KDE sosyal yaşam ve toplumun gelişimi içinde büyük tehdittir. Yüceltilen benlik duygusu ile yaşayan bireyler giderek toplum yapısında bozulmalara neden olurken toplumda olması gereken yardımlaşma olgusunu da yok etmektedirler. Ayrıca kayıt dışılığın doğurduğu adaletsizlikler diğer bireylere de kötü örnek olarak kişilerin kendi hak ve hukuk arayışlarına yöneltir. Bu durumda herkes gücü yettiğince adalet ya da çıkar sağlar ve bu çatışma hali süreklilik arz eder. Toplum da yerleşmiş hukuk ve ahlak kuralları erozyona uğrar. Toplumsal çıkarlar bireysel çıkarlara feda edilir.

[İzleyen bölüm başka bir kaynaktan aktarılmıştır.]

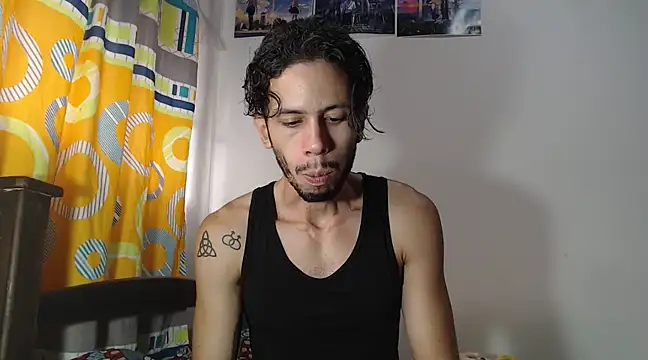 Snapshot of alisterxxx chatting on 02-21-25, 12:28 alisterxxx online show from 02-21-25, 12:28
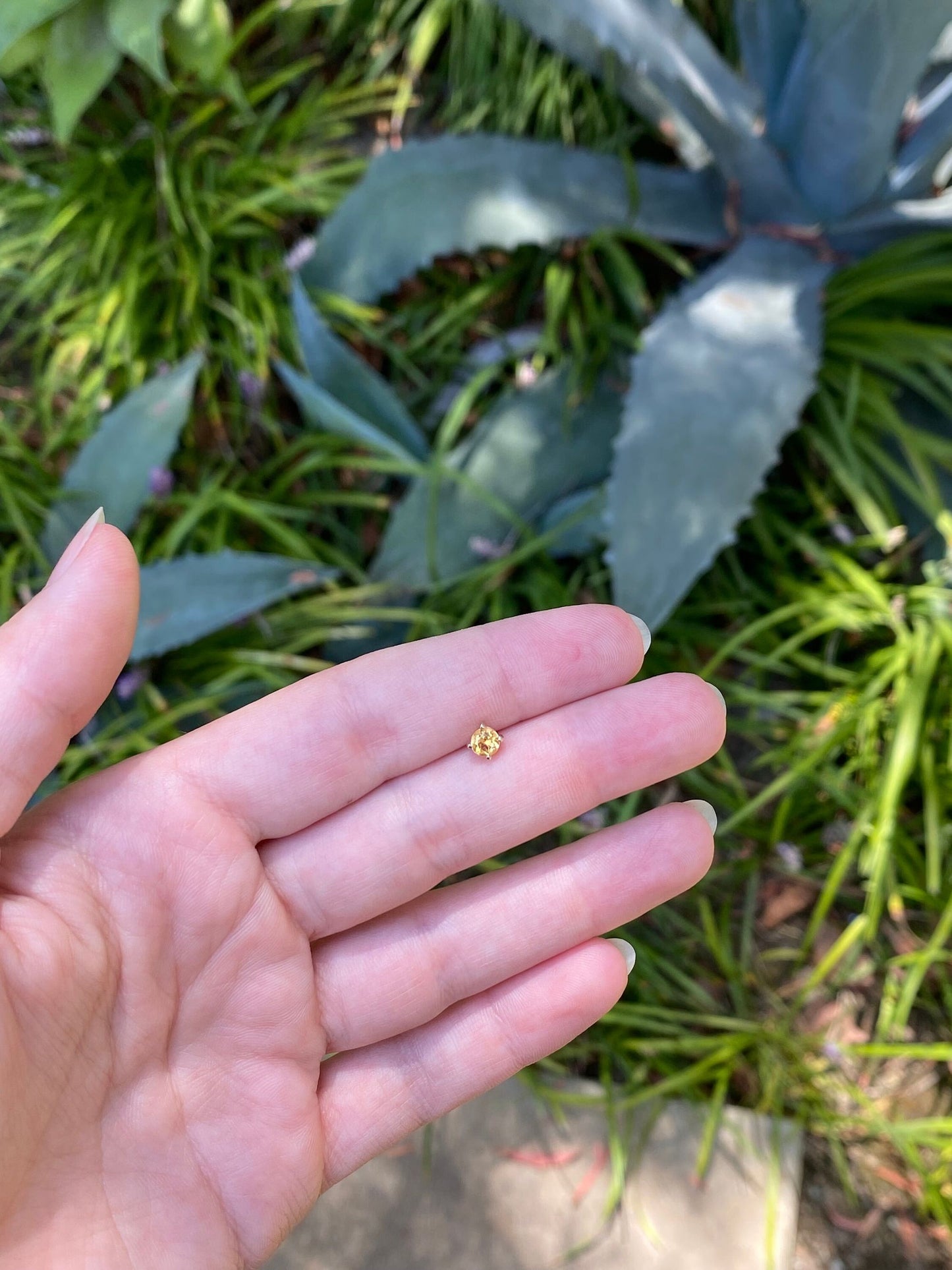 Vintage Solid 14k Yellow Gold Citrine Single Stud Earring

Rasyonel bireyler için devlet ve toplum öncelik olmadığı için toplumsal gelişmenin, birlikte büyümenin, iyi günde kötü günde birlikte olmanın da bir önemi yoktur. Kayıt dışılık toplumun temeline konulmuş bir dinamittir. Diğer taraftan kayıt dışılık servet sahipleri ile emek arz edenleri karşı karşıya getiren bir durumdur. Bu durum toplumsal

kamplaşmanın ve çatışmanın ortaya çıkmasına neden olur. Toplumsal sınıfların temelinde bu gelir dağılımı dengesizliği vardır ve sebebi kayıt dışılık olgusudur. Bir başka husus KDE nedeniyle sosyal bir olgu olan eğitim faaliyetleri tam ve eksiksiz yerine getirilemez. Paralı eğitim toplumsal kutuplaşmaların derinleşmesine etki eder.

Bununla beraber reel üretimin cezalandırılması kişilerin ve toplumların fikir üretkenlikleri üzerinde de aynı etkiye neden olur. Araştırmacı kişilik yerine kolaycılık ve rahatlık peşinde koşan birey ya da toplumlar ortaya çıkmaktadır. Adaletsizlikler toplumsal uyumu bozar. Millet devlet bütünlüğü sağlanamaz hale gelmektedir.

1.3.3.1 Sosyal yardım harcamaları

Gelir dağılımı adaletsizliklerinden ve toplumsal yardımlaşmanın yozlaşmasından kaynaklanan dar gelirli veya geçimini temin edecek herhangi bir geliri veya çalışma imkanı olmayan bireyler için gerekli sosyal yardım çalışmaları etkin bir şekilde yapılamaz. Bu kişilerin tespiti uzun süre alır ve mağduriyetler ortaya çıkar.

Kısıtlı kaynaklarla bu yardımlar yapılmaya çalışılır ve doğru kişilere yapılıp yapılmadığı her zaman tartışılır. Bu durum en çok siyasi parti tartışmalarına yansır ve siyasi rant malzemesi haline gelir.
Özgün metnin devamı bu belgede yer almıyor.